The issue in question, however, is what characteristics make
a wine desirable to consumers, in this case from New
Zealand. The topic examined in this paper is the determinants
of bottle price using the hedonic price model for New
Zealand wines in the global market for 2012. Various studies,
such as Bicknell and MacDonald (2012), Oczkowski (2001)
and Anderson and Schamel (2003), analyze the effects of
ratings and reputation on wine prices in New Zealand. There
has also been some research into the effects of sensorial
characteristics on New Zealand wines, such as that conducted
by Combris, Lecocq, and Visser (1997). Studies such as
Bicknell and MacDonald (2012) have been conducted on the
influences of a particular type of grape variety or wine on
bottle price.
This study will broaden the research to include reputational,
sensorial, quality, and objective variables to create a more
complete breakdown of influences on New Zealand wine
prices. As of yet, no other study to my knowledge has
analyzed New Zealand wines for years later than 2010, and
no paper later than 2003 conducts a comprehensive study for
New Zealand such as this one. Much of the information I
gathered came from world-renowned wine critic Robert
Parker’s website and database, Robert Parker’s Wine
Advocates. Robert Parker is famous for his ability to
influence bottle prices with his ratings and reviews
(Anderson & Schamel, 2003).
This study seeks to provide better insight into what
characteristics make a bottle of wine desirable to consumers,
particularly in determining how significant Parker Ratings
are to New Zealand bottle prices. This could in turn be used
by individuals and businesses to make wiser purchases when
buying New Zealand wines and by New Zealand vineyards to
produce more wines with those particular desired attributes.
If the Parker Rating were significant for New Zealand wines,
then wineries would be able to determine what characteristics
are correlated with the highest Parker Ratings and target
those characteristics. If the Parker Rating were not significant
for New Zealand wines, then wineries could still use the
information from this study to see which characteristics are
the most significant influences on bottle price.
Outline of Paper
This study attempts to determine the significant objective,
sensorial, reputational, and quality factors that influence the
bottle price of New Zealand wines in the hedonic price
model.
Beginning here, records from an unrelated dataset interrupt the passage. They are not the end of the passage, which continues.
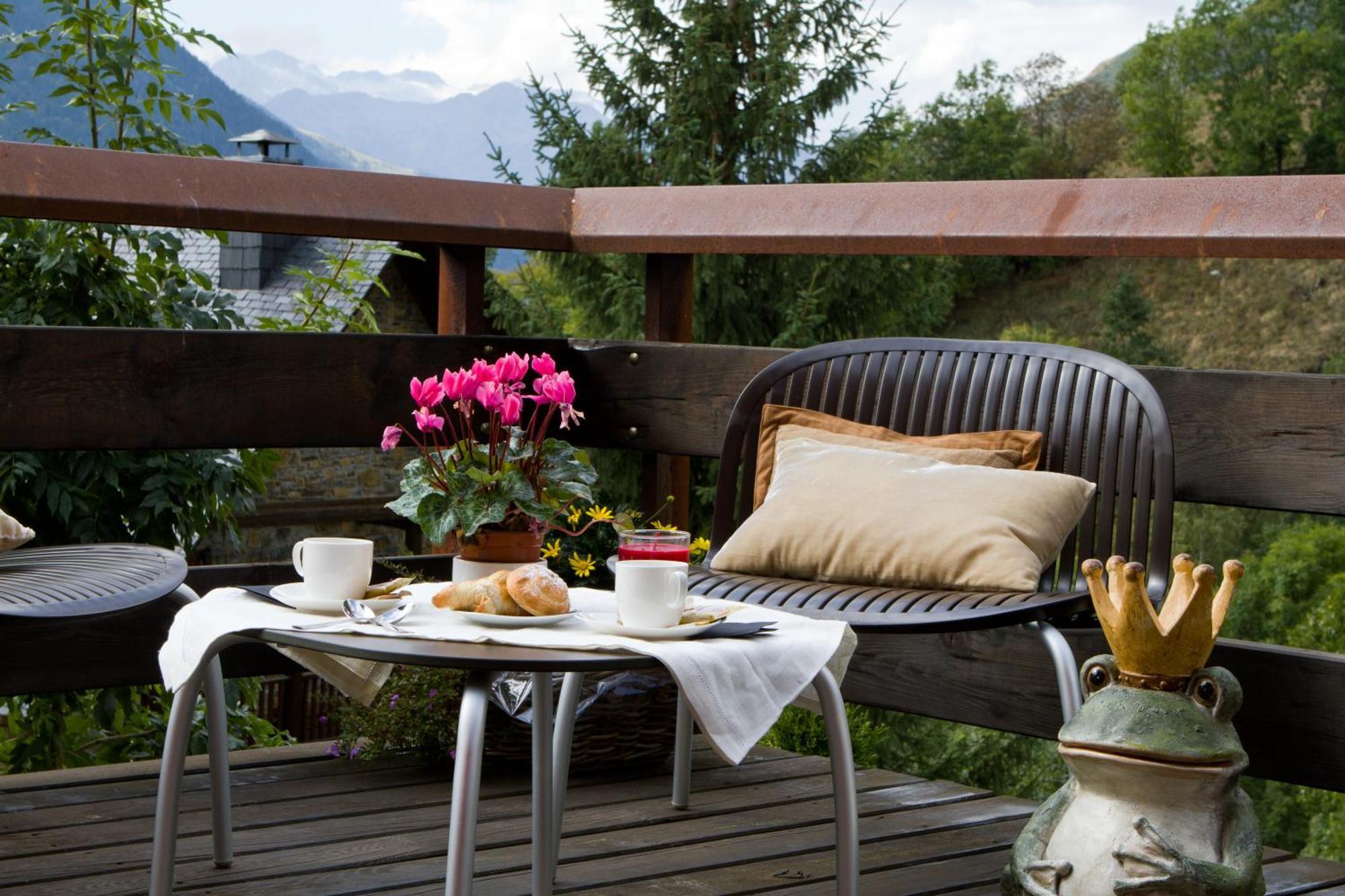 Mauberme Mountain Boutique Hotel Salardú Buitenkant foto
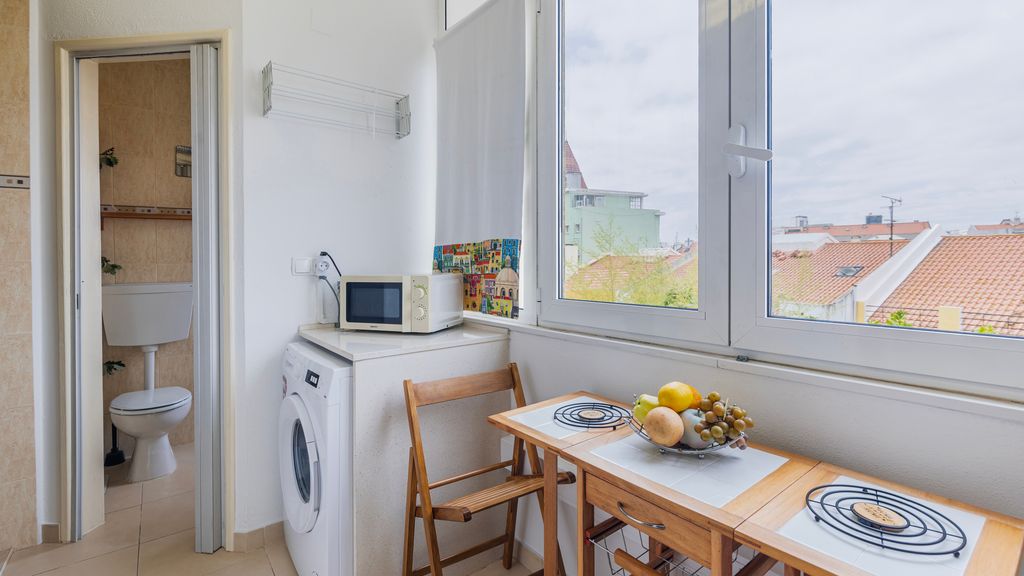 Arroios City Base | 2BR & Workspace by LovelyStay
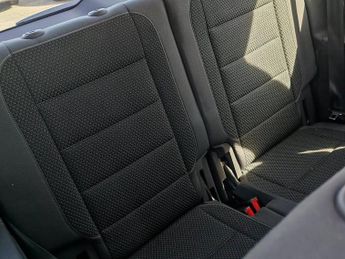 VOLKSWAGEN TOURAN 1.6 TDI 105 SE 5dr
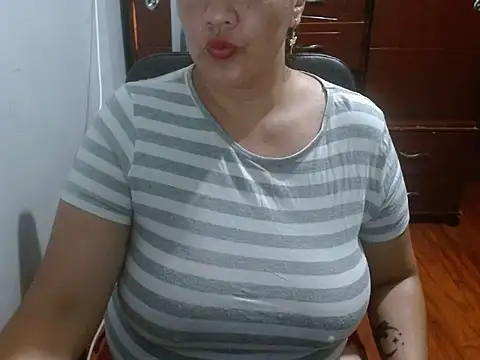 Snapshot of penelopefuckass chatting on October 7, 2:09 am penelopefuckass online show from October 7, 2:09 am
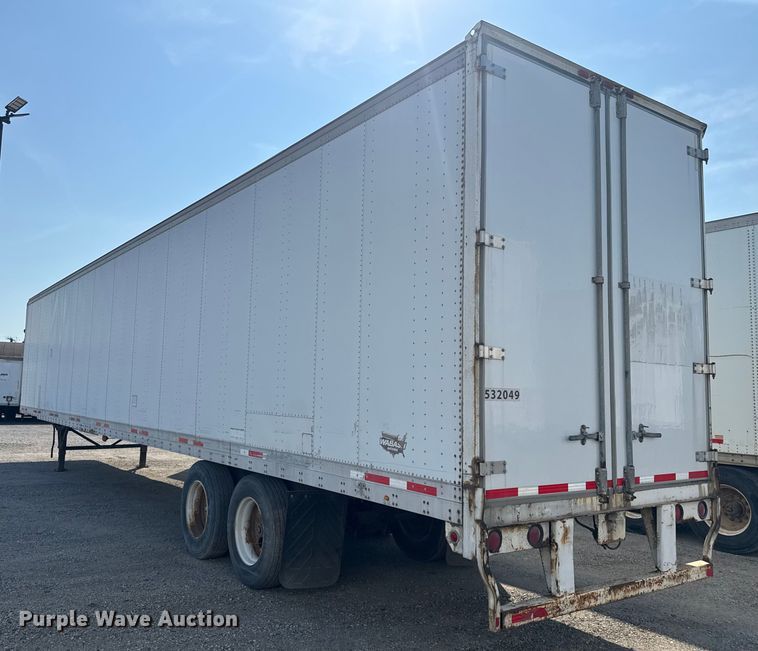 image for item EB8300 2000 Wabash dry van trailer
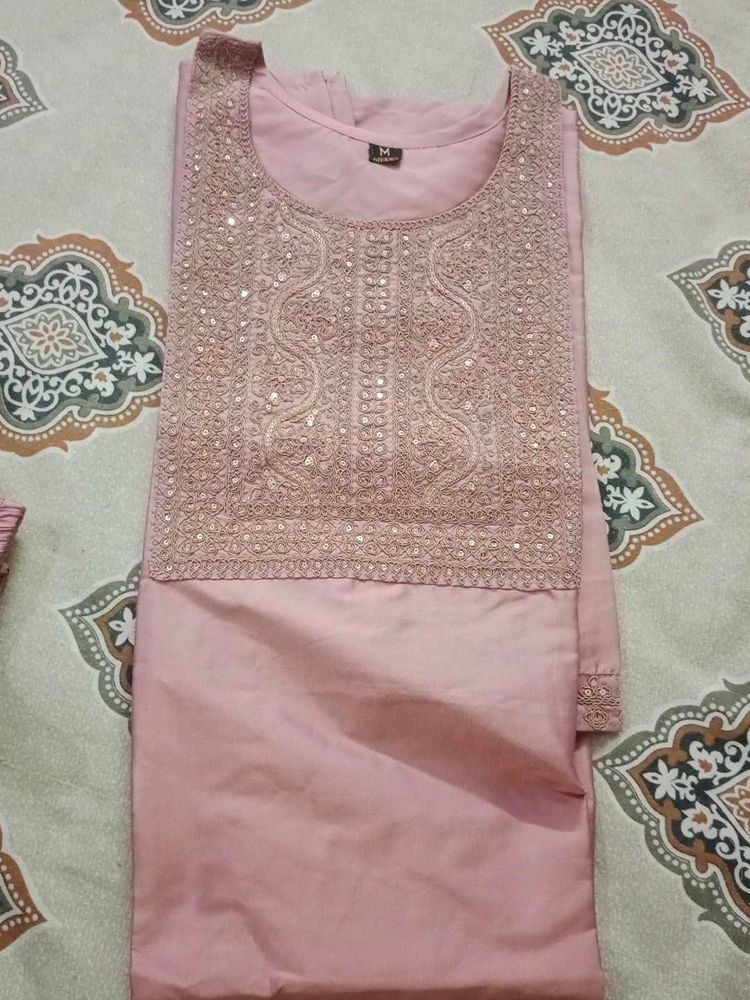 Elegant Pink Sequined Kurta Set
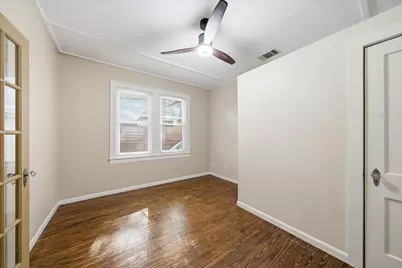 2407 Willow Street, Austin, TX 78702 - Photo 14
The second section will review the literature used in
this study to identify the factors associated with bottle price.
The descriptive statistics, data, and variables used will be
discussed in the third section, and the fourth will detail the
econometric model and methodology utilized in this study.
The fifth section will discuss the regression equations and
results of the various models. Conclusions and implications
of the findings will be examined in the final section.
LITERATURE REVIEW
Various studies have undertaken the task of analyzing the
factors that influence bottle prices of wine. Oczkowski
(1994) conducted one of the first empirical wine studies,
adopting the hedonic price model estimating the log-linear
function of Australian premium wines. A similar method was
also used by Combris et al. (1997) in analyzing the hedonic
prices of Bordeaux wines of France. They explained that the
determinants of wine prices are not necessarily easy to define
because of their qualitative nature. Results indicated that the
market prices for Bordeaux wines were primarily determined
by characteristics found right on the bottle. Combris et al.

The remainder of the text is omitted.